Рахманинова действительно знал весь мир. Общественное мнение музыкальных кругов всех стран присвоило ему титул «короля пианистов». Концерты его всюду и везде превращались в исключительное событие музыкальной жизни данной страны. Разъезжал он по всему свету и в некоторые годы даже давал за сезон до шестидесяти концертов. Билеты на них брались с бою. Рахманинова приходили не только слушать, но и смотреть: о кистях его рук, в своём роде неповторимых и исключительных, ходили целые легенды. Их рассматривали и в театральные, и в полевые бинокли. На одном из концертов я видел 12-летнего мальчугана-энтузиаста, просидевшего весь вечер на галерке с морской подзорной трубой былых времён, извлечённой из дедовских коллекций.
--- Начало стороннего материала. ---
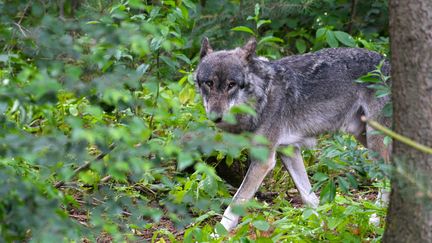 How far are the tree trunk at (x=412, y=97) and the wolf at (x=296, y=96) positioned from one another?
8.20 feet

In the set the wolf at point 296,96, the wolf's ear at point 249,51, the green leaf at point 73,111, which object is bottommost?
the green leaf at point 73,111

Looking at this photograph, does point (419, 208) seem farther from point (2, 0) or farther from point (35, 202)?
point (2, 0)

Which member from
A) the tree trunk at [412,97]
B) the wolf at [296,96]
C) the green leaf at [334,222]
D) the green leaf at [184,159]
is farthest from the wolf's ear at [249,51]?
the green leaf at [184,159]

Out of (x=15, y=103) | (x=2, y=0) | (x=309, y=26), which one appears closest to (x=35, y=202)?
(x=15, y=103)

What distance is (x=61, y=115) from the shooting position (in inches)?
266

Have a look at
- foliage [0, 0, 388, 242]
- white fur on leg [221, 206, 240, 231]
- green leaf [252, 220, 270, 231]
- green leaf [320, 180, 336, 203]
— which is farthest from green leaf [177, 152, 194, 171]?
white fur on leg [221, 206, 240, 231]

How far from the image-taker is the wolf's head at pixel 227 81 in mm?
6016

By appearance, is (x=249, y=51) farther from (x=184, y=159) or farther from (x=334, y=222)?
(x=184, y=159)

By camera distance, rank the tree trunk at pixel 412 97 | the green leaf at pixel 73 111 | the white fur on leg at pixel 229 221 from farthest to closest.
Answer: the green leaf at pixel 73 111 < the white fur on leg at pixel 229 221 < the tree trunk at pixel 412 97

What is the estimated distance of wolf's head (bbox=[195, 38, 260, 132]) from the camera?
6016 millimetres

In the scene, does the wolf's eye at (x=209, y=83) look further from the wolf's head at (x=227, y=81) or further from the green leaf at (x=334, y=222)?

В Париже Рахманинов появлялся как гастролер. В эмиграции мало кто знал, какой город и какая страна являются местом его постоянного жительства. Среди эмигрантов ходила поговорка: «Рахманиновское постоянное местожительство — железнодорожный вагон, пароход и самолёт».
Рахманинов слыл в эмиграции богатым человеком. Говорили, что в годы так называемых «экономических подъёмов» концертные предприниматели платили ему по 4 тысячи долларов за концерт. Досужие люди подсчитали даже, что годовой его доход от одних концертов равнялся 200 тысячам долларов, не считая других источников дохода, например гонораров за наигранные им граммофонные пластинки, за радиопередачи и т.д. Имя его как щедрого жертвователя постоянно мелькало в заграничных газетах в разделе отчётов о благотворительных сборах на нужды эмигрантов — больных, бездомных, безработных, детей, престарелых. Одно из последних его пожертвований незадолго до начала второй мировой войны — крупная сумма на постройку церкви в стиле древних новгородских храмов на русском кладбище в местечке Сент-Женевьев де Буа под Парижем.
Если имя Рахманинова как «короля пианистов» гремело во всём мире безраздельно на протяжении почти четверти века после революции, то Рахманинов-дирижёр умер в первый же год своего зарубежного пребывания. И в этом большая и невознаградимая утрата для мирового искусства. В начале нашего века он был кумиром музыкальной Москвы не только как композитор и пианист, но и как выдающийся оперный и симфонический дирижёр. Люди старшего поколения, жившие в Москве или наезжавшие туда, помнят его характерную, гигантского роста, чуть сутулую фигуру, сидящую за дирижёрским пультом Большого театра или стоящую во весь рост перед этим пультом в Колонном зале Дворянского собрания и в Большом зале консерватории. Почему он променял дирижёрскую палочку на фортепьянную клавиатуру целиком и без остатка — это осталось его секретом. До революции он совмещал и то и другое, притом совмещал оба этих вида исполнительского творчества с одинаковым величием и блеском своего несравненного таланта.
О зарубежной смерти Рахманинова как композитора говорить, пожалуй, нельзя. Ведь он за 20 лет пребывания за рубежом всё же что-то написал: 3-ю симфонию, вариации на тему Паганини для фортепьяно с оркестром и ещё два-три небольших опуса. Оба первых произведения хорошо известны у нас, часто исполняются, ценятся и музыкантами, и публикой. Но не будет ошибкой сказать, что в этих сочинениях не осталось и следа от прежней специфики рахманиновской патетики эпохи первых трёх концертов для фортепьяно с оркестром, сольных фортепьянных произведений и романсов. Очевидно, что для этой патетики ему не хватало за рубежом самого главного: веяния родного ветерка, полного вдоха грудью родного воздуха, картин родной Новгородской губернии и ставшей ему родной Москвы. Только повседневное ощущение родной земли и создало неповторимую красоту рахманиновской фортепьянной и вокальной музыки и принесло ему славу всероссийскую, вскоре ставшую всемирной.
Рахманинов до последней минуты остался русским, но порвать с заграничной жизнью, всецело его засосавшей, он, как и многие другие выдающиеся таланты, не смог. Он болел за несчастья, обрушивавшиеся на нашу родину в годы вражеского нашествия. С именем этой далёкой и горячо любимой родины он и сошёл в могилу незадолго до победного окончания войны.
Долгие годы в Париже жил другой всем хорошо известный композитор-москвич — А.Т. Гречанинов. Всероссийскую популярность создали ему главным образом камерные произведения — трио для фортепьяно, скрипки и виолончели, романсы, многие из которых получили мировое распространение, а также знаменитая литургия, отдельные номера которой звучат на концертных эстрадах всего мира. Наоборот, его симфонии и обе оперы («Добрыня Никитич» и «Сестра Беатриса») не получили сколько-нибудь большого распространения ни у себя на родине, ни за рубежом.